WHAT NEEDS TO BE DONE. Pictures are not part of the copy; reproduce the remaining data exactly.

PROVIDED DATA.
----------------
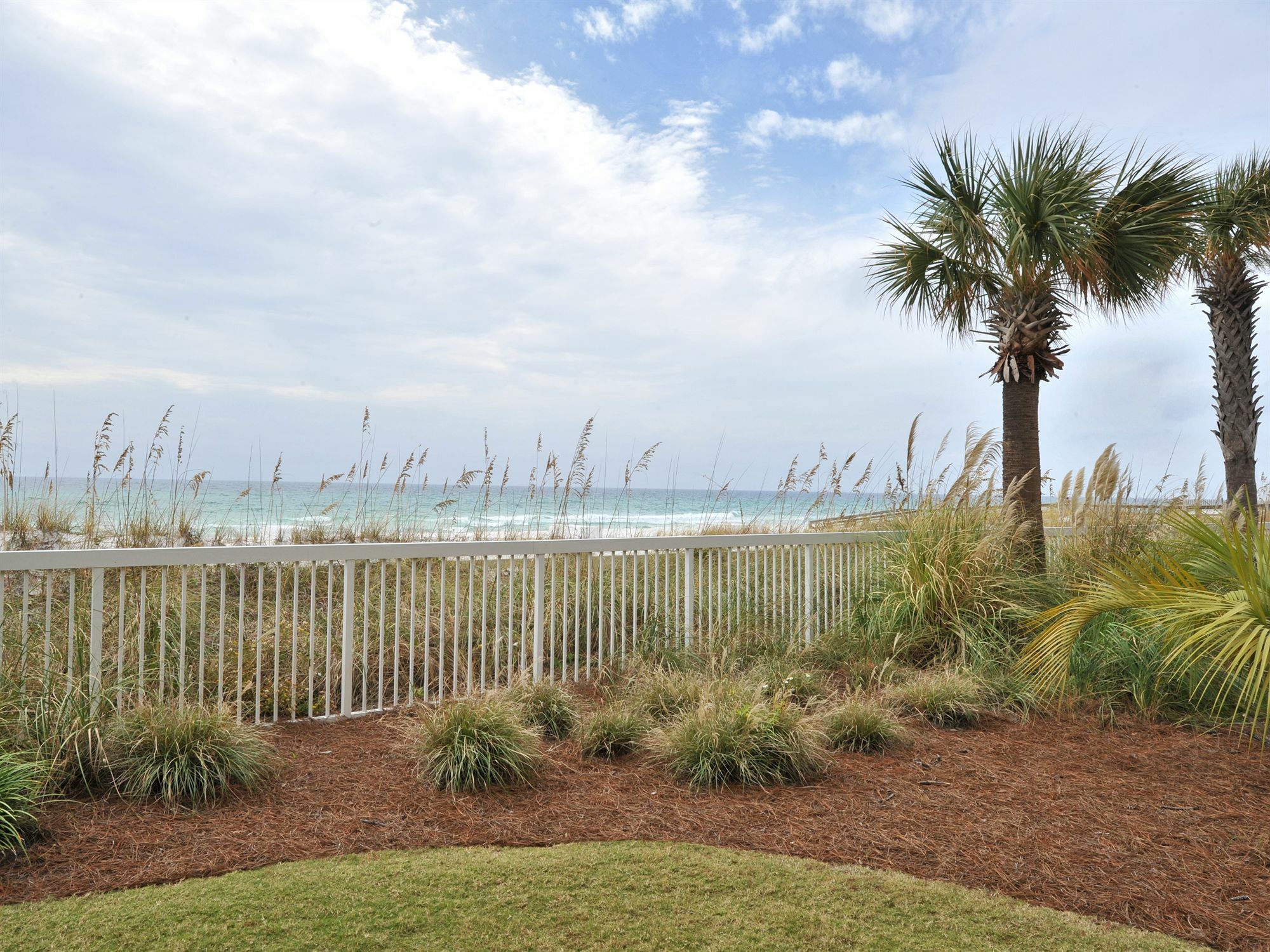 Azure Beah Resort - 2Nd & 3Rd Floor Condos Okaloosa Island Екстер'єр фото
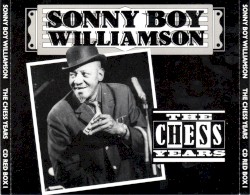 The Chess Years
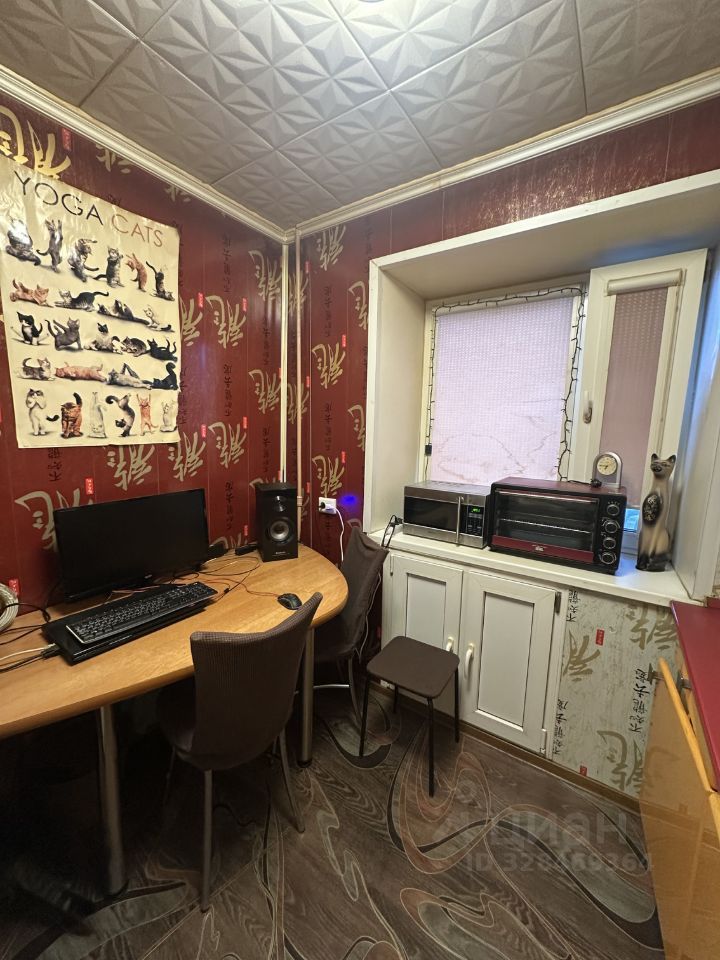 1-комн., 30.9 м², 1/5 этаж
----------------
RESPONSE BOX.
 Azure Beah Resort - 2Nd & 3Rd Floor Condos Okaloosa Island Екстер'єр фото
 The Chess Years
 1-комн., 30.9 м², 1/5 этаж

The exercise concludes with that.